Leelanau News and Events

Ranger No More: Tom Ulrich To Retire From Sleeping Bear After Two Decades

By Brighid Driscoll | Sept. 18, 2023

After more than two decades serving Sleeping Bear Dunes National Lakeshore as Deputy Superintendent, Tom Ulrich will hang up his ranger hat and retire at the end of the month.

Ulrich has spent his career with the National Park Service (NPS). He double majored in environmental science and geography at Western Michigan University where, in his junior year, he wrote an independent study proposal for a six-credit experimental living course. The Honors College accepted the proposal, giving him the unique opportunity to hitchhike nationwide for five months. He visited several national parks, including Crater Lake National Park in Oregon. When he returned to school, he joined the Student Conservation Association and got an internship at Crater Lake. The internship eventually led to a full-time job, beginning Ulrich’s career with the NPS. After stints in Nebraska and Montana, he later became chief ranger of Florissant Fossil Beds National Monument in Colorado.

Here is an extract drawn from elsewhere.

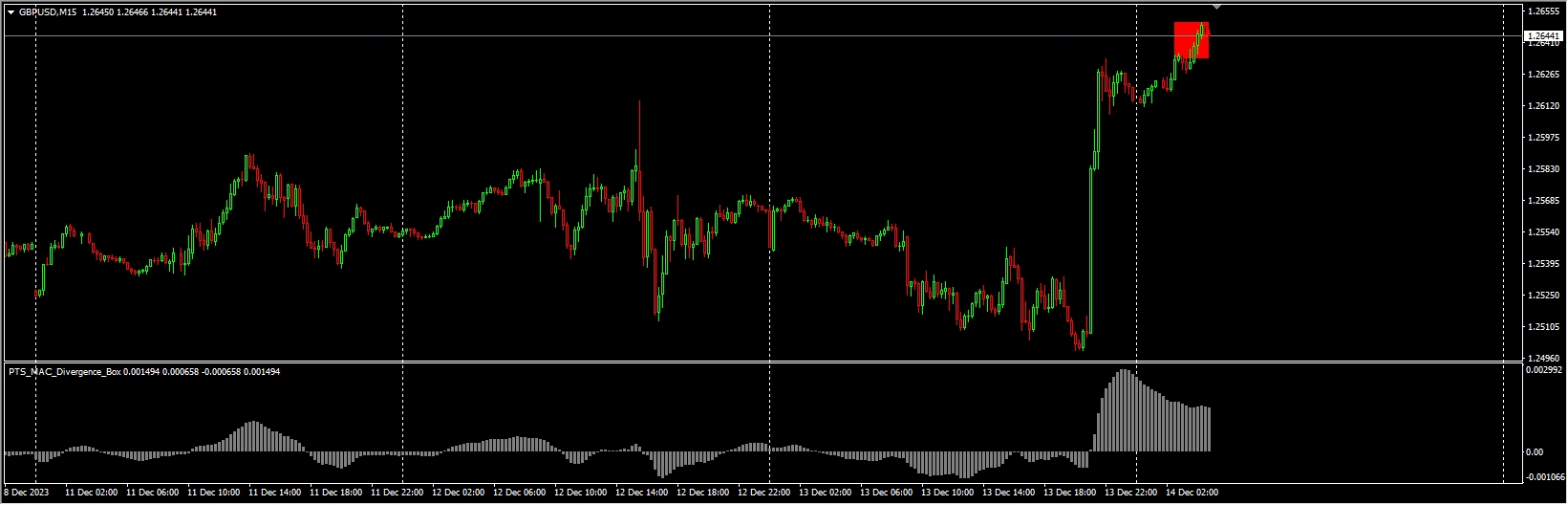 PTS_MACD_Divergence_Box Unlimit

When a spot opened in Sleeping Bear Dunes, Ulrich jumped at the chance; he grew up on a commune outside of Kalamazoo, and the thought of moving closer to his roots was attractive

“Apparently, we traveled to Leelanau as a family but I was really young and don’t remember it well,” he says. “So, my first real memory of Sleeping Bear was when I arrived for the job. It was Christmas 2002, and a harsh winter,” he laughs. “But it was great. I quickly got out in the park and started exploring and cross-country skiing.”

During Ulrich’s time, the Sleeping Bear Dunes National Lakeshore Conservation and Recreation Act came to be. The bill designates over 32,000 acres of SBD to be left as wilderness. When SBD initially set forth a wilderness recommendation for the park in 1981, it was stalled by the Department of Interior. To protect the land in the interim, Congress passed a law to prevent it from being altered until a final decision could be made. The acreage sat in untouched limbo until a controversial SBD General Management Plan was halted just before Ulrich arrived in 2002.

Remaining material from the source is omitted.